Introducing SchemaHero

Marc Campbell
 | 
Aug 24, 2019
schemaHero diagram

At Replicated, we believe that all software should be built to support modern on-prem installations. Most software requires at least one database, and reliable, automated database schema management is essential for application updates. To help enable this, we are introducing a new open source project named SchemaHero, available on GitHub today.

SchemaHero is a Kubernetes Operator to enable declarative schema management for popular database engines (today supporting Postgres and MySQL). SchemaHero enables GitOps management of database schema changes. When connected to a Git repository and an in-cluster deployment tool such as Weave Flux or ArgoCD, database schema changes will be deployed the same way other Kubernetes manifests are deployed.
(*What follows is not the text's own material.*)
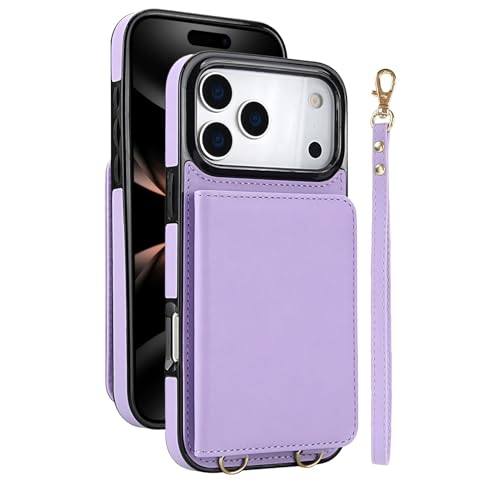 Support intégré et bandoulière sur cet étui complet pour iPhone 14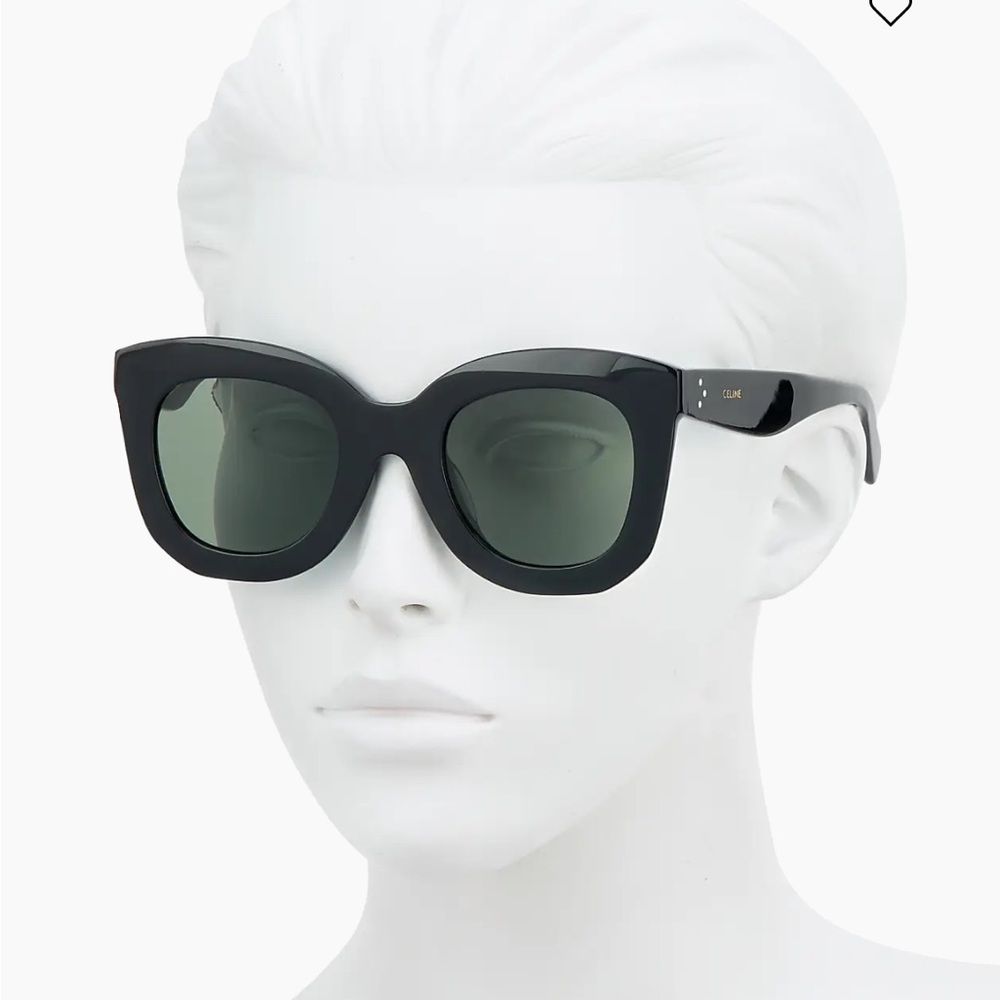 CELINE
49MM Round Cat-Eye Sunglasses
Declarative Schema Management

Managing schema & migrations is hard. Tools like Goose, FlyAway, and go-migrate can help manage explicit migrations, while ORMs or frameworks (Rails, Django, etc) support schema management out of the box. These tools have us write SQL scripts to migrate a schema. Over time, we’ll build up a collection of hundreds of these that must be run sequentially to create a new environment. This works, but it eventually creates problems. For example, when we upgrade a database version, some of the previous migrations might not be valid. Or when shipping a version to an on-prem customer, it’s slow to start and a brittle process. The only solution today is to periodically “rebase” the migrations into a single, flat base. This is tedious and shouldn’t be required.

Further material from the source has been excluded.